Being a perfectionist when it comes to my work, I have to continually remind myself, "It's okay. It's the first draft. It's just the first draft. It's okay... (repeat ad nauseam)" Because, after all, how are you going to reach 50,000 words in 30 days if you keep editing everything?? I wouldn't even be able to meet my daily quota of 1,667! It's incredibly hard not to fuss and tweak and edit, but I'm doing my very best to resist temptation and fleshly desire :)
So... anybody want to hear about the novel??
The working title is Red Crosse, (I might be calling it RC here on the blog) and the main character is the grandson of Sir George the Red Cross Knight. No, he's not St. George yet. Just Sir George.

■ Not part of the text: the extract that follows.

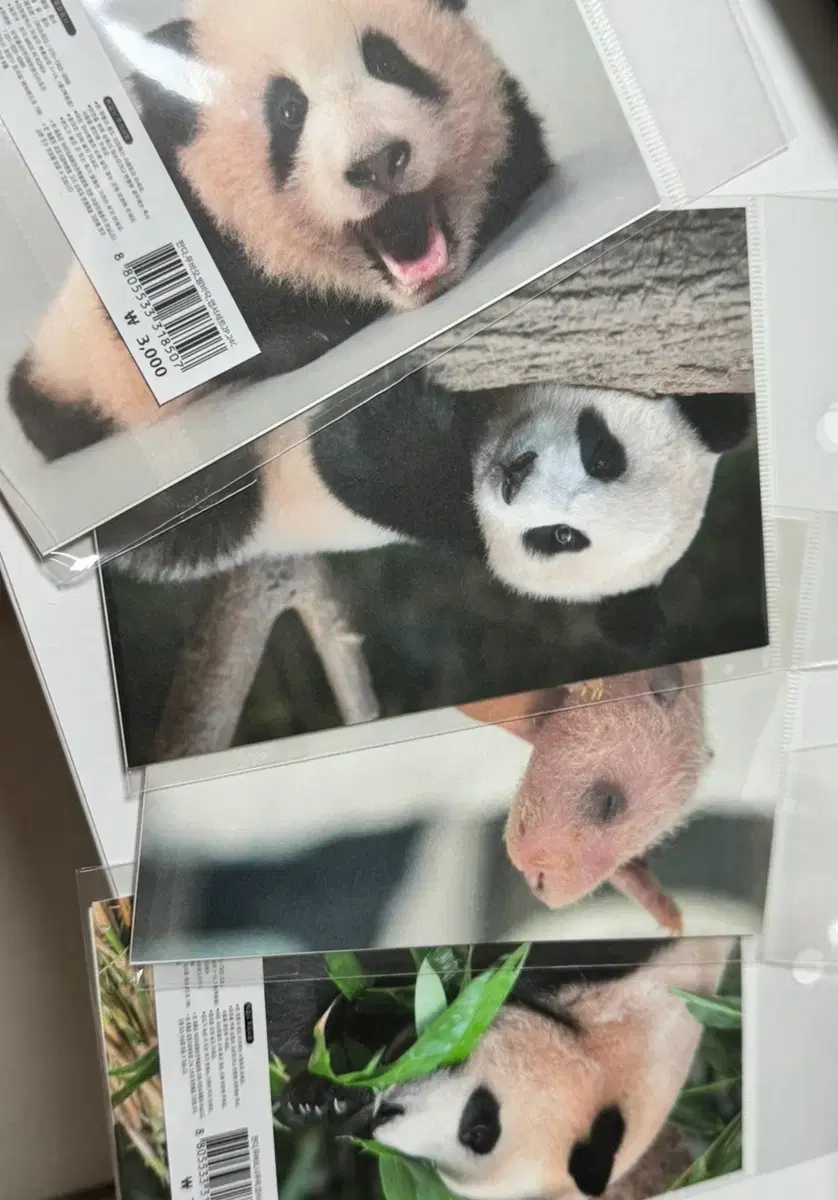 Fubao photorealistic postcard set of 4 sells for less than full price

**In case you don't know who St. George is**
There are two versions of the story; one is based on a knight named George during the Crusades who, as the legend goes, saved a town in Turkey from a dragon. This St. George from whom the story came was, I believe, a real person who was a martyr.

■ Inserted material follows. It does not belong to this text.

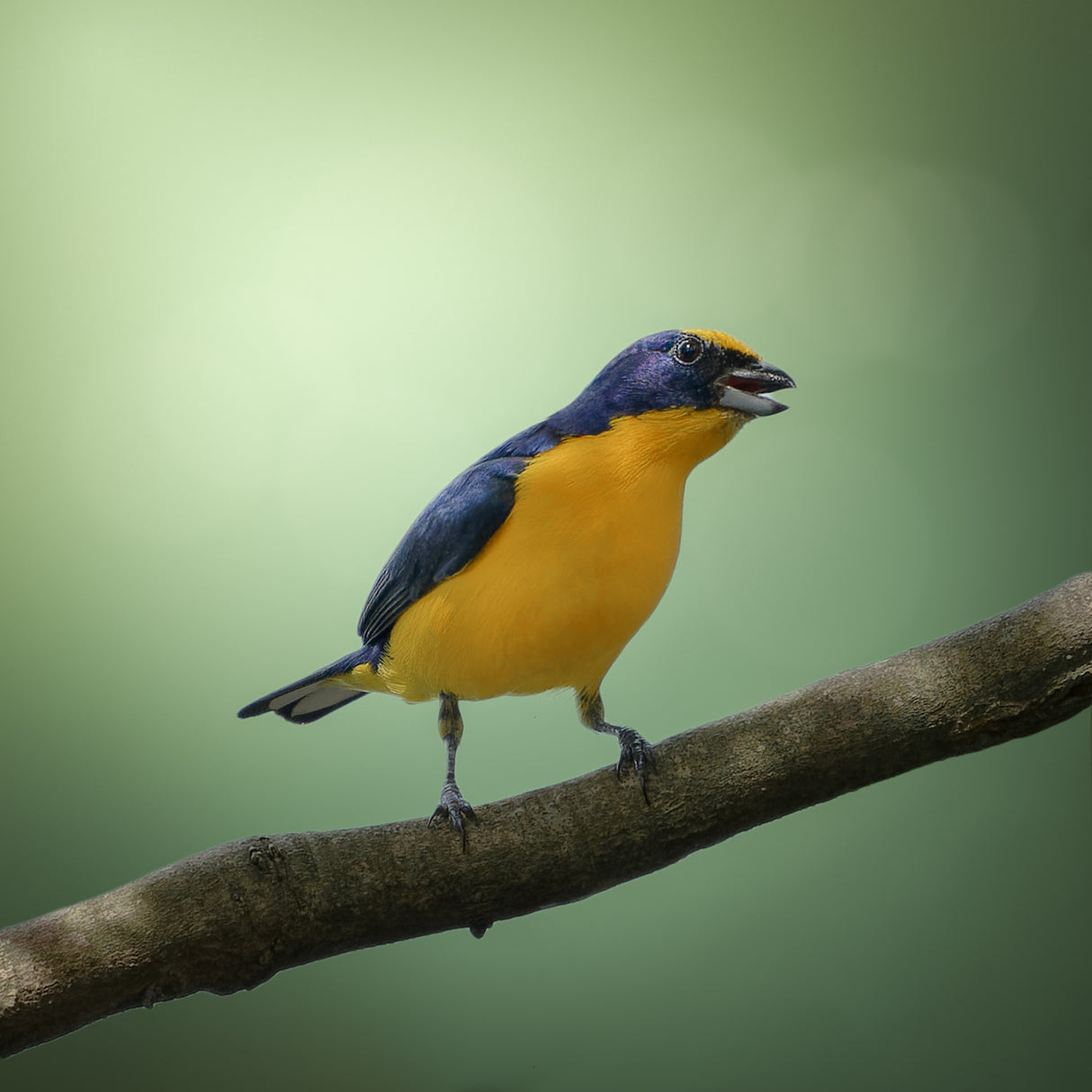Thick-billed Euphonia Poster och Canvastavla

The other, which I base my character off of, is from Edmund Spenser's The Faerie Queene, Book One.
It is an allegorical poem, the first of six books, and was for Queen Elizabeth I.
(For those interested in this story, there is a great picture-book adaption by Trina Schart Hyman that I love. It's called St. George and the Dragon, and the illustrations are by Margaret Hodges.)
To put it even briefer, Saint George killed a dragon and saved people and is now the patron saint of England.
Everybody got that? Okay, sweet, moving on...
So, the working plot summary (read outline that I hope I will be able to follow during this literary madness):
Set in the fairy-tale age of Britain, the grandson of St. George himself must confront the dragon that slew his father, and along the way he finds the security he needs in Jesus Christ.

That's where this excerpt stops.